• Joshua Green on the Cerebral President  In a column for The Boston Globe, Green, the Atlantic editor adds up the ways in which President Obama's governing style is informed by expert opinion. "He values smarts, admires educational attainment, and sees decisions as intensely rational processes," Green writes. "The characteristic outlook of Obama specifically, and his administration generally, is a rigorous fealty to data and best practices." Yet this doesn't lead to an ideal outcome in every case--one need look no further than the Gulf of Mexico to see that. Green doesn't wish for a return to Bush-style government "by impulse and emotion," but he does hope to see Obama "put more stock in skepticism and common sense."
  • David Broder on Obama's Coming Jimmy Carter Moment  The Washington Post columnist revisits the well-worn analogy with a contemplative gaze. The Carter administration was thrown off by the Iranian hostage crisis of 1979, muses Broder, while the Obama administration is held hostage by the ecological disaster in the Gulf. All is not lost--"yet." "This saga, painful as it is, has not yet become the simple demonstration of monumental futility and incompetence that the hostage crisis became for Carter," writes Broder. "But we have seen this movie before, and we know how it ends politically. Somebody else shows up and says he can fix this. Or end it. Or make it come out right." 
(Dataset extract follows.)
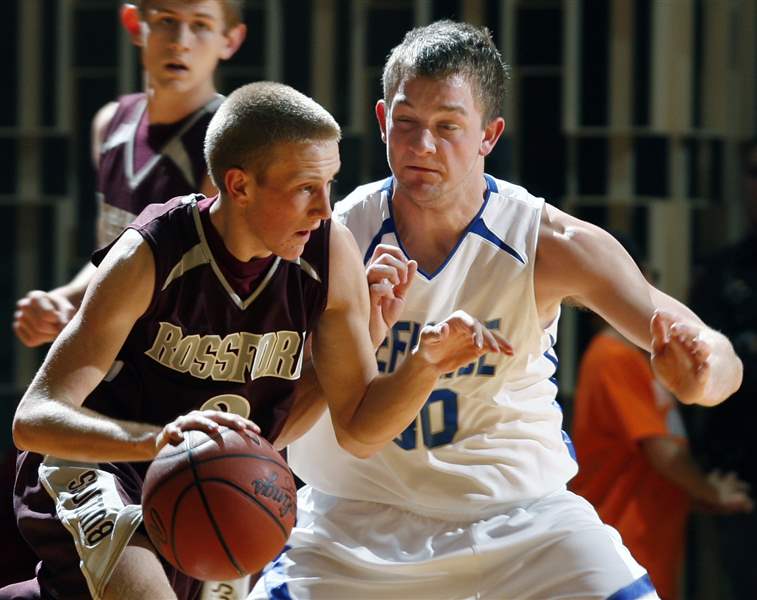 Rossford-boys-ousted-2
  • Miriam Krinsky, Ernie Pierce, and Jeanne Woodford on Juvenile Prison Reform  In an op-ed for the Los Angeles Times, the authors--a federal prosecutor, a retired cop, and a former warden of San Quentin State Prison--argue that "there are inherent differences between teenage and adult criminals," and the law in California needs to reflect that. "A teen who commits a crime, even a terrible one such as murder, is not forever defined by that one act," the authors write. "Indeed, in our work, we have witnessed dramatic transformations among young people in our correctional facilities and in our neighborhoods ... Our laws should recognize that they are capable of redemption and reform."
  • Michael B. Oren on an Assault, Cloaked in Peace  In a New York Times op-ed today, the Israeli ambassador to the United States, addresses the deadly confrontation between Israeli special forces and activists aboard the Turkish ship, Mavi Marmara, calling it an assault on Israel. He says, "the religious extremists embedded among those on board were paid and equipped to attack Israelis — both by their own hands as well as by aiding Hamas — and to destroy any hope of peace." He goes on to defend the Israeli commandos' actions by stating the "real purpose" of the Mavi Marmara: "to create a provocation that would put international pressure on Israel to drop the Gaza embargo, and thus allow the flow of seaborne military supplies to Hamas. Just as Hamas gunmen hide behind civilians in Gaza, so, too, do their sponsors cower behind shipments of seemingly innocent aid."
  • Nicholas Kristof on Saving Israel From Itself  Somewhat exasperated by the actions of Israeli commandos, the New York Times columnist wonders when Israel is going to stop "shooting itself in the foot." He says, "Israel under Prime Minister Benjamin Netanyahu seems locked in a self- defeating dynamic in which it feels misunderstood and gives up on international opinion. It lashes out with force in ways that undermine its own interests. It is on a path that could eventually be catastrophic." He goes on to note the consequences of Monday's altercation as both a win for the "Iranian regime" and as another occasion on which "Israel’s hard-line policies are depleting America’s international political capital as well as its own" but also notes that "Israel faces existential threats. That should make its leaders focused above all on two things: an Arab-Israeli treaty and pressure on Iran to drop its nuclear program."